Está claro. En torno a todos nosotros revolotea un sentimiento creciente de inseguridad. Sospechamos que alrededor de la normalidad cotidiana merodea una otra realidad, que los medios explotan, en formato espectacularizado, como nutriente sustancial de sus espacios informativos, estancándose generalmente en la superficie de los hechos, pero con escasa preocupación por develar las causas y los factores que han convertido, por ejemplo, a la trata y tráfico de personas en un horror in crescendo. Se suceden de tal suerte diariamente noticias acerca de la desaparición de personas, pero como la regla a seguir es la novedad que convierte el escándalo de hoy en un dato sustituible por el de mañana, poco se conoce, si algo, a propósito del desenlace de esas tragedias finalmente reducidas al ámbito cercano de los plagiados, sin mayor toma de conciencia acerca de la responsabilidad social que a todos nos tocaría asumir trascendiendo el sobresalto del momento.
Contra tal fugacidad rompe el fuego Muralla a propósito de las andanzas de Coco “Muralla” Rivera (Fernando Arze), quien saboreó su minuto de gloria cuando le tocó atajar un penal decisivo permitiendo al San José de sus amores conseguir, en dramática final, un recordado campeonato.
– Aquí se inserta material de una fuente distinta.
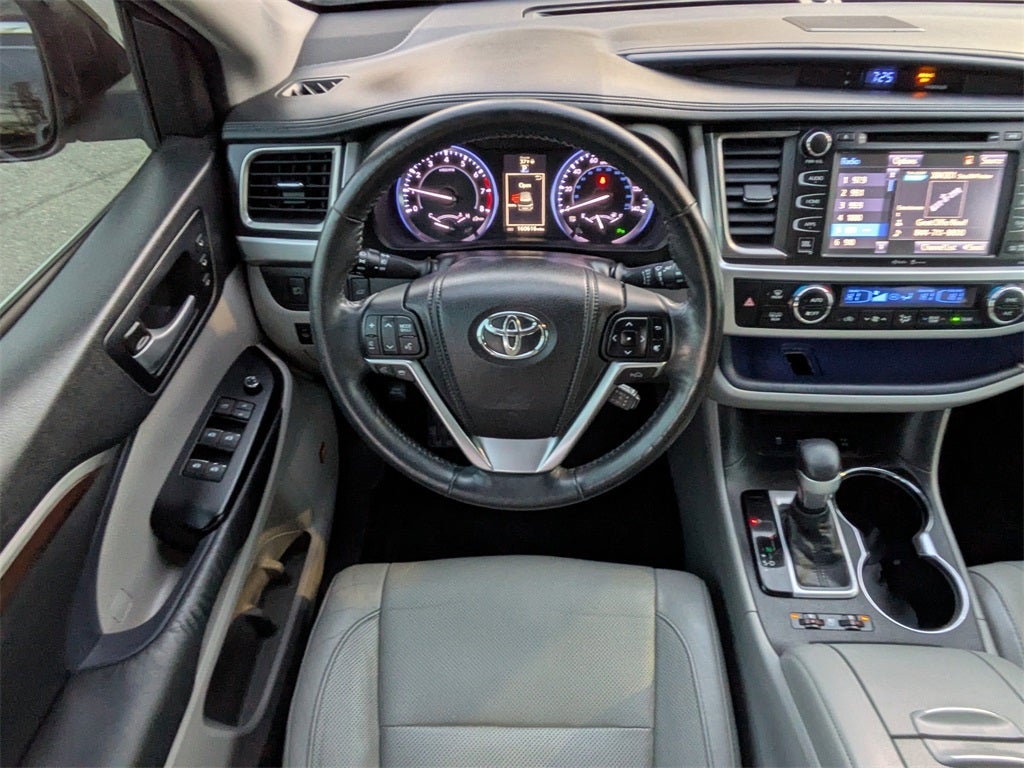 2015 Toyota Highlander Limited Platinum V6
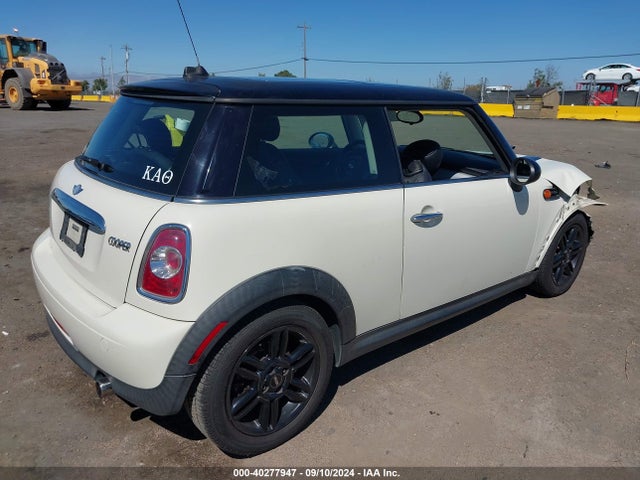 2012 MINI COOPER WMWSU3C57CT541813 Photo 3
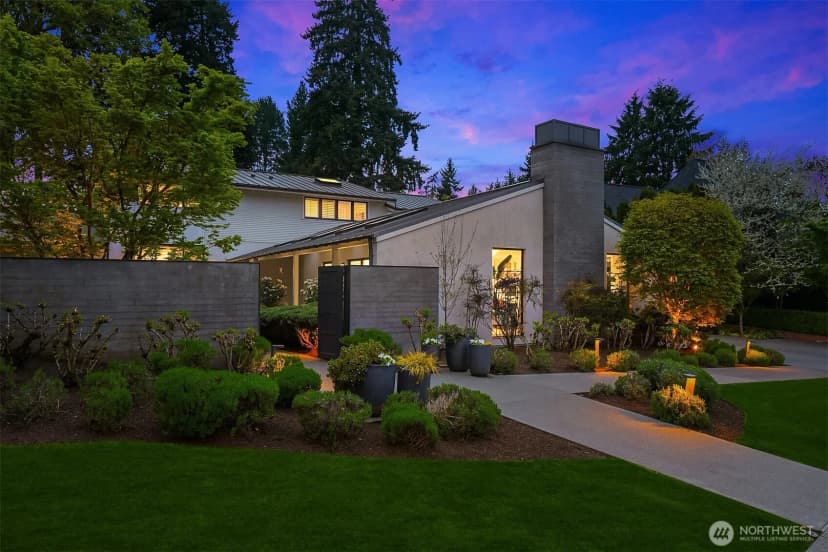Property photo for 2017 Parkside Drive E, Seattle photo 3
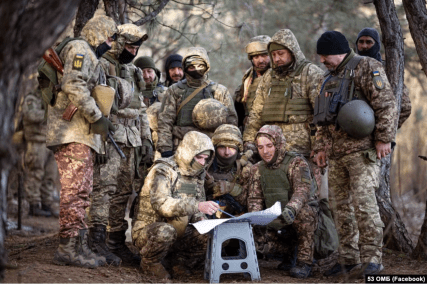 Солдаты 53 ОМБр воспроизводят сюжет Репина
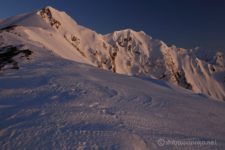 実は下山するまで、爺ヶ岳北峰を鹿島槍ヶ岳だと思い込んでいた。
ピーク2つ並んでるし(笑)。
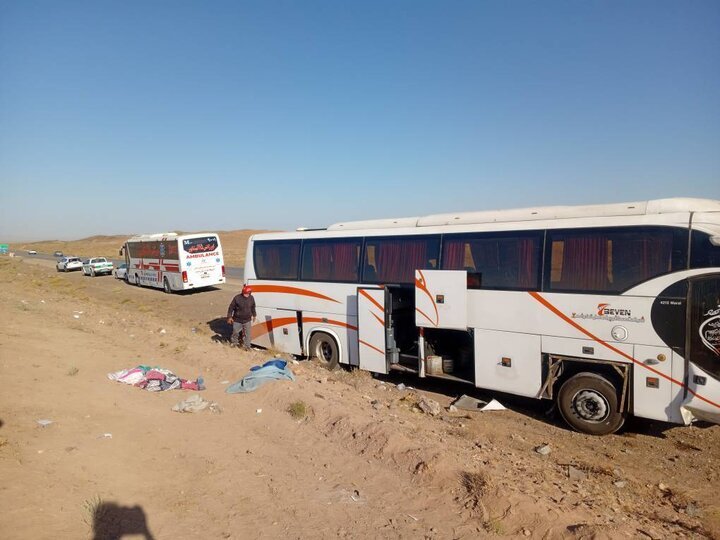 جزئیات حادثه واژگونی اتوبوس در جاده سبزوار به نیشابور و اقدامات امدادی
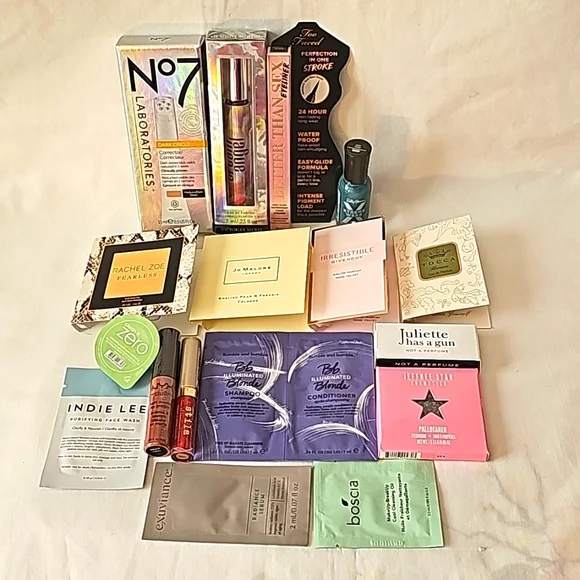 Beauty Bundle - Picture 1 of 9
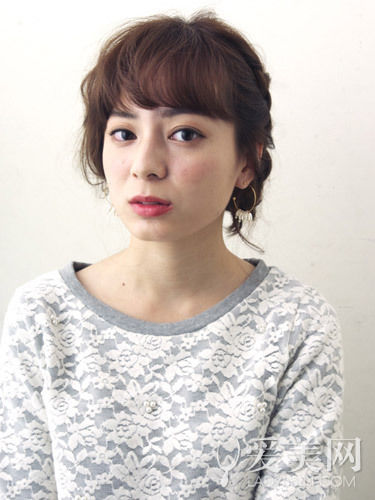 慵懶感小辮子盤發(fā) 簡單隨意顯俏皮 慵懶感小辮子盤發(fā) 簡單隨意顯俏皮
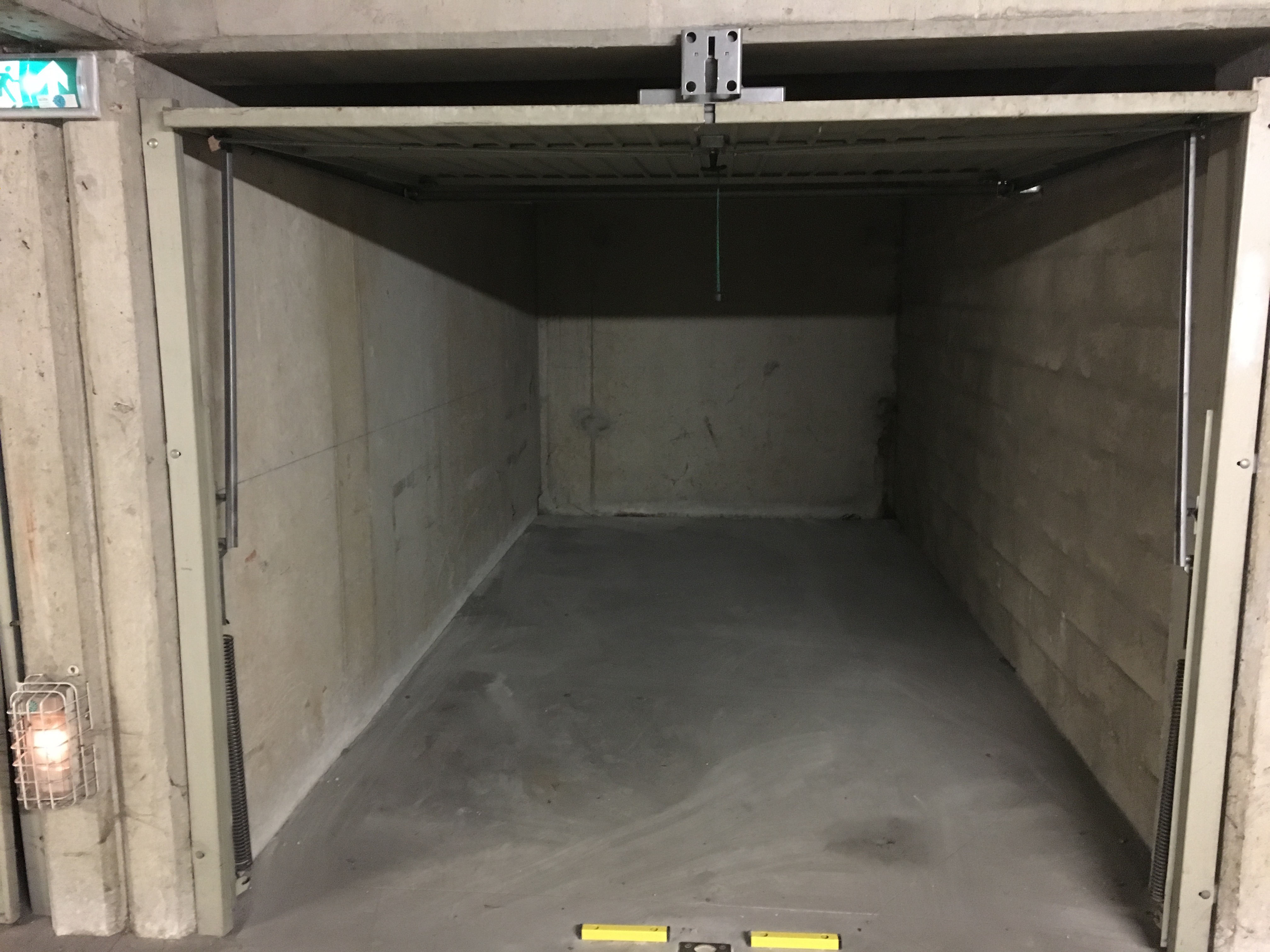 Garage à louer  sur  Achères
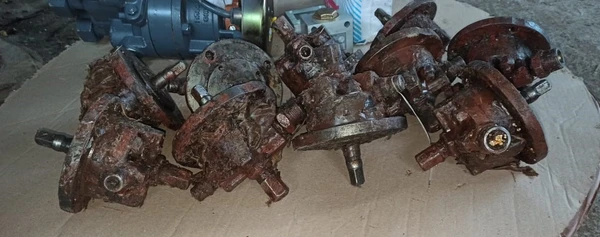 Фото Насос масляный компрессора КТ-7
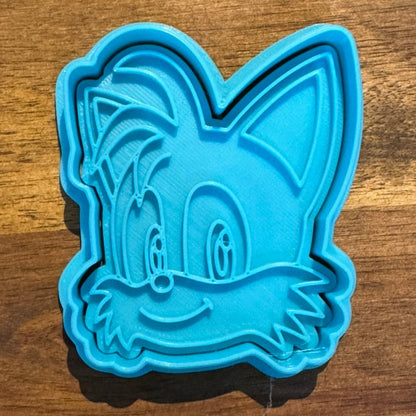 Sonic - Tails Cookie Cutter and Embosser - 7.cm x 6.2cm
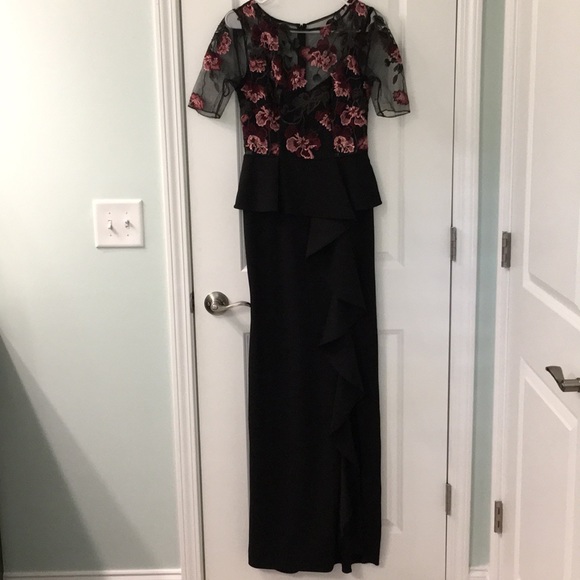 Adrianna Papell Dresses & Skirts - Formal floral floor length gown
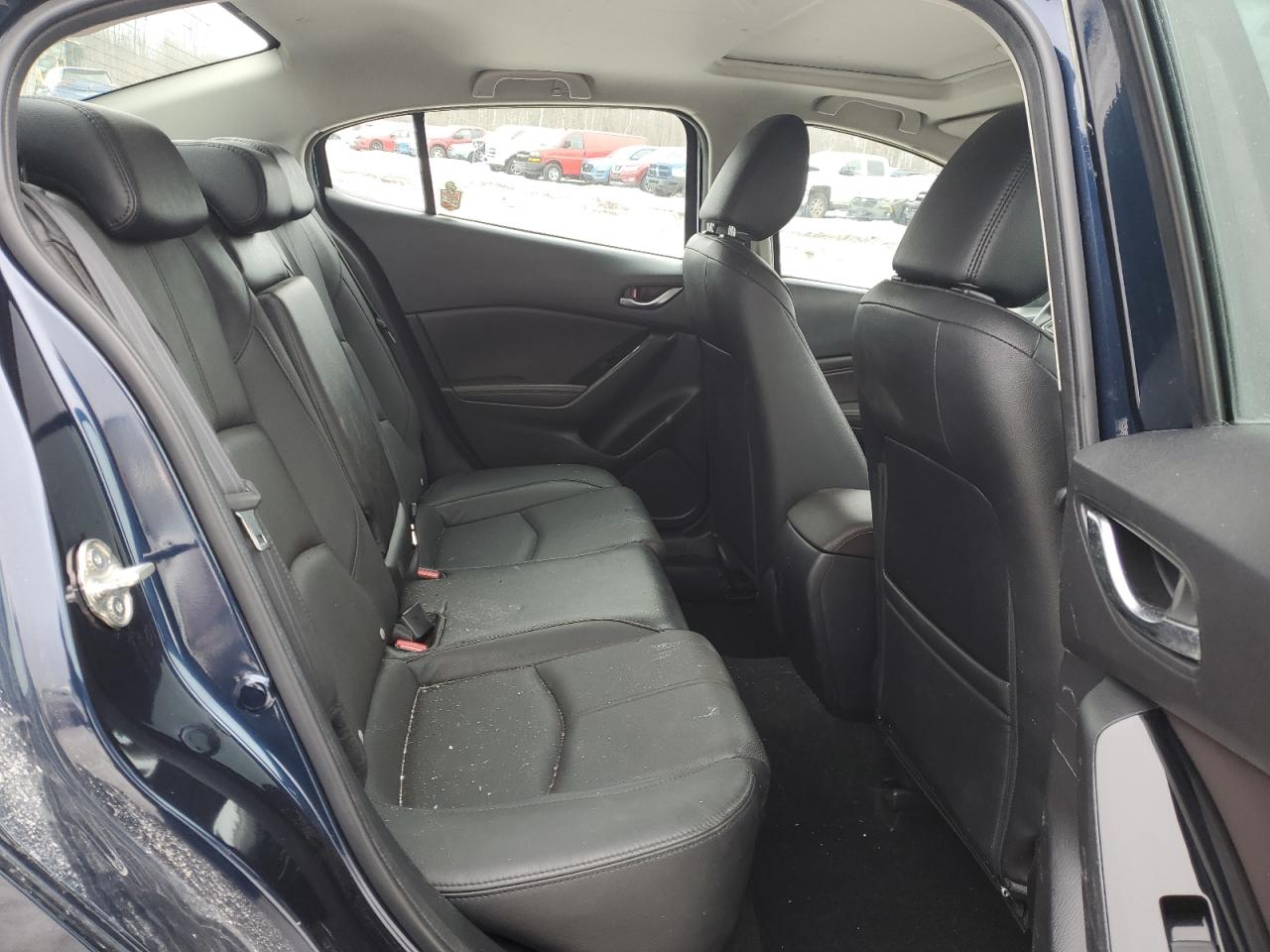 2017 Mazda 3 - Image 10
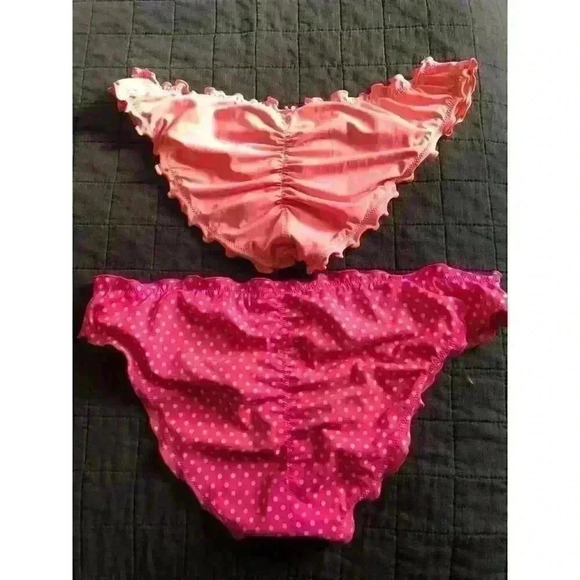 Victoria's Secret Ruffled Cheeky Bikini Bottoms Size LG Lot of 2 - Picture 2 of 8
Después la lesión en la clavícula bajó el telón sobre aquel instante memorable degradándolo hacia una penosa existencia como anónimo y alcoholizado, conductor de minibús, apartado de la familia y cercado por el agobio de un destino sin salida.
Cuando su hijo de siete años afronta una penosa enfermedad renal, algunos turbios colegas, metidos en negocios non sanctos, le insinúan que hay formas más expeditivas de obtener los ingresos requeridos a fin de solventar el trasplante de urgencia para salvarle la vida. Rivera se resiste hasta que la situación llega al límite. Cede entonces fatalmente a la tentación, accediendo “vender” a una niña de 13 años a la cual encuentra dormida en su vehículo, después de echar pie atrás en una primera transacción con un admirador beodo salvado por la providencial llamada de su mujer.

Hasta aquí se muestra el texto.